Propos recueillis par Mouhamet Ndiongue
Hamadi Baba Hamadi, président de la Fédération Nationale de la Pêche (FNP) de Mauritanie, revient sur les dynamiques de coopération entre son pays et le Maroc dans le domaine halieutique. Il met en lumière le protocole d’accord scellé en marge du Salon Halieutis d’Agadir, qui établit un cadre de concertation et de coordination entre la FNP et la COMAIP, organisation marocaine sœur. Cette collaboration s’est concrétisée à Dakhla par la signature d’une déclaration commune, accompagnée de la création d’un comité conjoint chargé de piloter les échanges techniques et stratégiques.
Hamadi insiste sur le rôle de la FNP en tant qu’organe de plaidoyer, sans compétence exécutive dans la gestion administrative des pêches, mais fortement impliqué dans les organes de gouvernance tels que le Conseil Consultatif National des Pêches ou les structures de l’IMROP. Il souligne l’importance de la préservation des ressources, de la lutte contre la pêche illégale et de l’adoption de pratiques responsables, conformément aux engagements internationaux de la Mauritanie.
Afrique Diplomatique: Quelles sont les avancées les plus significatives de la déclaration conjointe signée à Dakhla pour le secteur halieutique mauritanien ? Comment cette coopération s’inscrit-elle dans la stratégie nationale de la Mauritanie pour la pêche durable et la sécurité alimentaire ?
Hamadi Baba Hamadi: Depuis notre première rencontre, en marge du Salon Halieutis à Agadir, en février dernier, nous avons signé un protocole d’accord qui encadre désormais les relations étroites que nous nous engageons à entretenir entre nos deux organisations professionnelles. Cette coopération repose essentiellement sur la concertation, la coordination et des échanges réguliers d’informations.
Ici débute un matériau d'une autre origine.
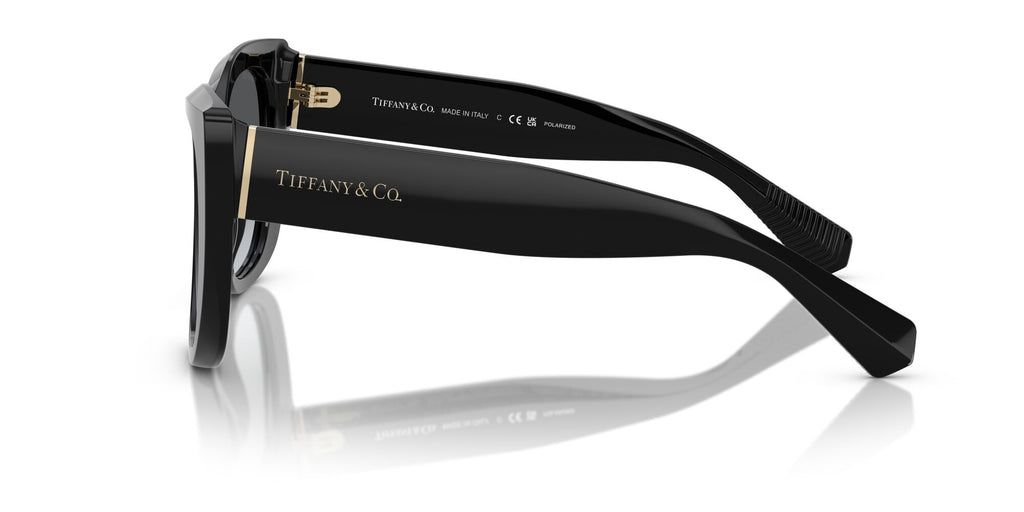 Tiffany 0TF4229F 8001T3 55 Black / Polar Grey Gradient  Polarised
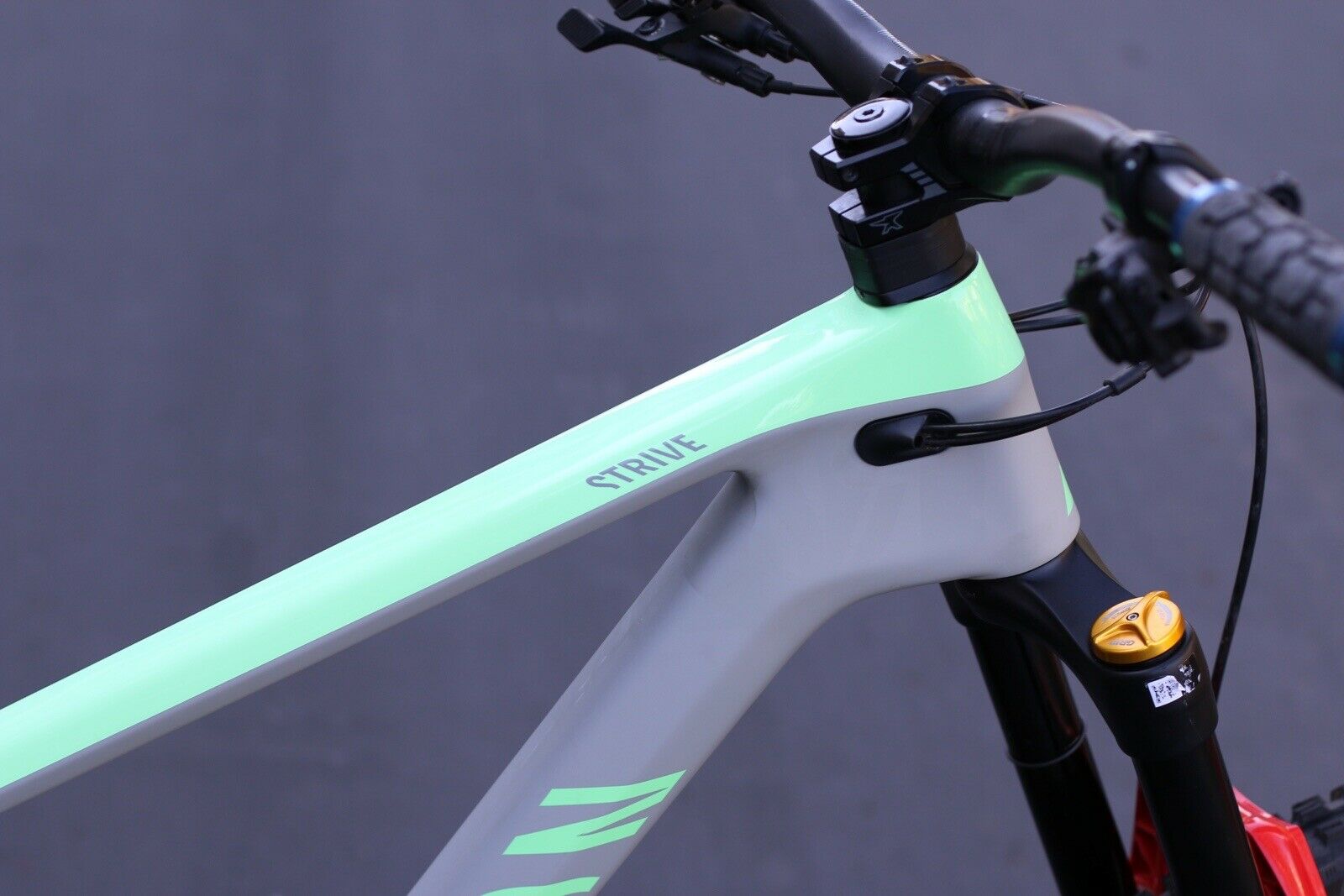 2021 Canyon Strive CF 8 Mountain Bike - XL - Full Carbon - Fresh Stock Dated October 2025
Le premier résultat concret s’est matérialisé par la rencontre qui s’est tenue à Dakhla, où nous avons signé une déclaration commune. Celle-ci décline les objectifs stratégiques de nos deux organisations sœurs et a permis la mise en place d’un comité conjoint FNP-COMAIP, véritable outil organisationnel de cette coopération, avec la Déclaration de Dakhla pour cadre juridique.
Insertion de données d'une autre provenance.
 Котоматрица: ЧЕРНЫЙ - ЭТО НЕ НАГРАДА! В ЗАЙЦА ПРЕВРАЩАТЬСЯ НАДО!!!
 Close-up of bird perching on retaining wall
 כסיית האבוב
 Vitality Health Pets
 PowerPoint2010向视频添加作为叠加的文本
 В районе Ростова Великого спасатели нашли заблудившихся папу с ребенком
Étant donné que nos deux pays exploitent des stocks mitoyens et partagés – en particulier les petits pélagiques qui représentent 80 à 90 % de nos ressources –, nous sommes appelés à organiser des concertations régulières sur l’évaluation de ces ressources et la mise en œuvre de mesures d’aménagement. Ainsi, cette coopération s’inscrit pleinement dans la stratégie nationale de la Mauritanie, axée sur la pêche durable et la sécurité alimentaire, en renforçant les échanges entre nos organisations professionnelles et les instituts de recherche.
La Mauritanie dispose de l’un des écosystèmes marins les plus riches d’Afrique. Comment la FNP compte-t-elle tirer parti de cet accord pour préserver durablement ces ressources halieutiques partagées ?
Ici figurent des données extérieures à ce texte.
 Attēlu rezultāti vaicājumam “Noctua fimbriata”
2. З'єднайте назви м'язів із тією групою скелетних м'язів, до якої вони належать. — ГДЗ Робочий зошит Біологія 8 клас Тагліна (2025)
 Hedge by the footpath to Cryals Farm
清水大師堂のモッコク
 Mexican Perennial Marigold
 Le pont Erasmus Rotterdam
Il est vrai que la Mauritanie bénéficie d’une des côtes les plus poissonneuses du monde. Toutefois, la FNP, en tant qu’organisation professionnelle à caractère syndical, joue un rôle de proposition et de plaidoyer, sans compétence exécutive directe dans la gestion administrative des pêches. La mise en œuvre des politiques et des mesures d’aménagement relève exclusivement des attributions du Ministère chargé des Pêches.
Nous veillons à ne pas empiéter sur ces prérogatives. Cependant, pleinement conscients de la nécessité de préserver durablement ces ressources, nous faisons tout ce qui est en notre pouvoir pour conseiller le ministère compétent. Nos efforts visent à promouvoir et à mettre en place des mesures techniques adaptées pour une gestion rationnelle des stocks et la protection de l’équilibre des écosystèmes. Les échanges réguliers et la coopération renforcée avec la COMAIP s’inscrivent dans cette logique de préservation à long terme.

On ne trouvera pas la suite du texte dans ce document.